[Excerpts from a dataset]
---------------

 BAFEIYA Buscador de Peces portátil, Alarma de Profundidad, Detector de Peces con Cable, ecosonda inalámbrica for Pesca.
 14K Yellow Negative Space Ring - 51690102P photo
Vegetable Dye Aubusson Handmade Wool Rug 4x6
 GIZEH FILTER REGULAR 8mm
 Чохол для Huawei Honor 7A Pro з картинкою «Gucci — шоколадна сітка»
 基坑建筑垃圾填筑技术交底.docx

---------------

**Task**
Write out again exactly the lines that run from the one holding "Vegetable Dye Aubusson Handmade Wool Rug 4x6" through the last line of the data; omit all other lines.

**Response to this exercise**
Vegetable Dye Aubusson Handmade Wool Rug 4x6
 GIZEH FILTER REGULAR 8mm
 Чохол для Huawei Honor 7A Pro з картинкою «Gucci — шоколадна сітка»
 基坑建筑垃圾填筑技术交底.docx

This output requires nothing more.